Following successful demonstrations of the SCAMP prototype in 1973, IBM released the first commercial IBM 5100 portable microcomputer in 1975. Engineers, analysts, statisticians, and other business problem-solvers could use the device, which included an IBM PALM processor, 5-inch (130 mm) CRT, full-function keyboard, and the ability to program in both APL and BASIC. (IBM offered many models of the 5100 that supported only BASIC, only APL, or both, depending on which physical switch on the front panel was used.) The 5100 Portable Computer was IBM’s first production personal computer, released in September 1975, six years before the best-seller IBM PC. Engineers, analysts, statisticians, and other problem-solvers may use the 5100 to put computer skills at their fingertips, but not for business.
If the IBM 5100’s size and weight (25 kg) seem large by today’s standards, consider how little it was compared to a late-1960s IBM computer with comparable capabilities.
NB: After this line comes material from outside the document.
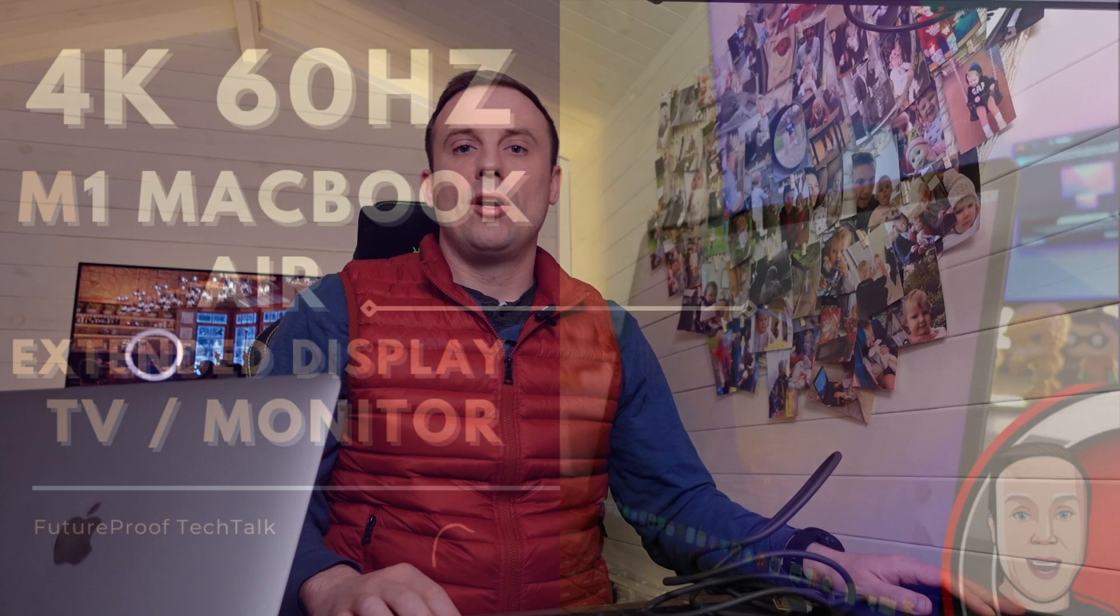Hello YouTube, welcome to this short video where I'm going to show you how I connected my M1 MacBook Air to a 4K television and got that 60 Hertz.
A machine of this size and weight would have been roughly the size of two desks and weighed around half a ton.
The 5100 was significantly more potent than its predecessors, such as the Altair 8800 (but also considerably more expensive—it cost between $8975 and $19975). It had a CRT display, keyboard, BASIC interpreter, and mass storage built-in (tape drive). It also features a considerably more sophisticated design: An interpreter that understands a subset of the IBM 360 (or IBM/3) mainframe instruction set! A microcode 16-bit CPU was executing an interpreter!
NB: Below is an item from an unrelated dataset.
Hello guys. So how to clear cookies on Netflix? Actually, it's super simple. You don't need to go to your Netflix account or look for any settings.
Portable Computer: How It Worked
The PALM processor was a large circuit board populated with over a dozen chips. IBM referred to it as a microprocessor, but they meant a processor that executes microcode to implement a higher-level instruction set, rather than the traditional definition of a complete processor on a single silicon integrated circuit. Such a machine would have been approximately the size of two desks and weighed around half a ton in the late 1960s (0.45 t). The IBM 5100, on the other hand, weighed about 53 pounds (24 kg and was very portable for that time).
The 5100 has a five-inch internal CRT that shows 16 lines of 64 characters. Because the characters are so minor, IBM included a three-position switch that allows the user to choose whether to see all 64 characters per line or just the left or right 32 characters (interspersed with spaces). IBM 5100 used a 1/4-inch cartridge tape drive with DC300 cartridges to store 204 KB on 300 feet of tape for mass storage. A toggle switch on the front panel determined the user’s preferred language on a 5100 with both languages (APL and BASIC).
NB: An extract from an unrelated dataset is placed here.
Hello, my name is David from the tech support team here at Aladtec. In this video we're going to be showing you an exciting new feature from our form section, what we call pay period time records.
The 5100’s language interpreters (APL and BASIC) are designed for more advanced virtual machines, and the microcode emulates those machines rather than being written in the processor’s native microcode instruction set. This was done to save on the amount of ROM (read-only memory) required to implement the language interpreters and speed up software development. The BASIC microcode emulates System/3, while the APL microcode emulates a part of the System/360 instruction set.
With the IBM 5100, IBM provided three Problem-Solver Libraries, including more than 100 interactive routines relevant to mathematical issues, statistical approaches, and financial studies.
Portable Computer: Historical Significance
Unlike other mobile computing devices or laptops, Portable computers use conventional motherboards and have plug-in slots for add-on cards. As a result, portable computers also have a distinct advantage over desktop computers in portability and flexibility of use.
Compared to desktop computers, portable computers are smaller and take up less space. The power utilized by a portable computer is lower than that of a desktop computer, which can aid with power and cost savings. In comparison to desktop computers, portable computers have a greater sense of immediacy.